If I didn't assert myself with this, I could imagine Olea deciding everything about the ranching operation: where the large pens should go, what the animals should be fed, when the kits should be weaned, which animals to breed. There might not be much demand for ermine yet, but by the time I had the ranching operation down—beginning with fox but moving to mink—there would be. I wasn't interested in importing Norwegian stock; I wanted to do this my own way. The longhaired furs like silver fox had been popular for decades; it was time for the fashion to change, and I could open the door. I felt my heart pound. Despite the uncertainty, I felt … alive.

“I intend to go alone,” I said.

Olea sighed loudly. “I thought we were family. We've traveled together before … I simply … Well, perhaps it's time we did do things differently.” She straightened a lace doily at the back of the divan, patted it with her long fingers. She didn't look at anyone.

Louise said. “I don't want to travel right now, Olea. My hip … You and Franklin go ahead,” she said to me. “We'll make it a foursome another time, won't we, Olea?”

Olea stood quietly for a time, her hands touching the cameo at her neck. Her bearing reminded me of Ida's when Mama and I had returned from New York, anger tensed in a frame as slender as barbed wire and just as dangerous if one didn't know how to get through it.

“Yes, let them go.” Olea sighed. “But for heaven's sake, take the time you need. Take three months.”

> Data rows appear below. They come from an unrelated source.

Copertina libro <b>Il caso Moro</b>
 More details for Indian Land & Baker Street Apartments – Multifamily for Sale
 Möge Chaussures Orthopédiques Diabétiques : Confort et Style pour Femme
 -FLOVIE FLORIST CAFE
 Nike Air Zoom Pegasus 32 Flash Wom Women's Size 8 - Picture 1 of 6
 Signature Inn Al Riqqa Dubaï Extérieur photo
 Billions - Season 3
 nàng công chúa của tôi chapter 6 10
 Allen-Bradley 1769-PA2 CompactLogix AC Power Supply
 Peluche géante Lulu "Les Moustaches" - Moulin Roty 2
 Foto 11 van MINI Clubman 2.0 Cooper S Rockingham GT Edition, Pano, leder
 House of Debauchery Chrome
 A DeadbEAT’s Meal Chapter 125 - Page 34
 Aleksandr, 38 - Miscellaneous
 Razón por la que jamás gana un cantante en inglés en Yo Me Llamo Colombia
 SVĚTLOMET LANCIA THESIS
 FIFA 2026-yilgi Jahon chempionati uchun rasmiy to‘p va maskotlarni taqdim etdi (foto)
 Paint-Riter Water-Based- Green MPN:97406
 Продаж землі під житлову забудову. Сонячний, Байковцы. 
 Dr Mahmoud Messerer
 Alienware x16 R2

“I can't stay that long. What if I need to sign papers about my properties?”

“Give me your power of attorney then,” Olea said. “I can sign for you.”

She was my friend. But what if my not wanting the women to come along sharpened Olea's nails on a power of attorney? Still, giving her the
power would serve as a backup plan if I did want to stay a little longer, knowing she could handle my affairs.

“Good,” I said. I didn't apologize for asking for what I wanted. I didn't back down. “I'd appreciate that. We'll get it signed and recorded in the morning.”

Both women waved me off at the start of my journey. The power of attorney niggled at the back of my mind, but by the time the train hit southern Idaho, the changing landscapes, eavesdropping on strangers' stories, and settling in with my book brought me ease. I couldn't help but think of my mother and our journey.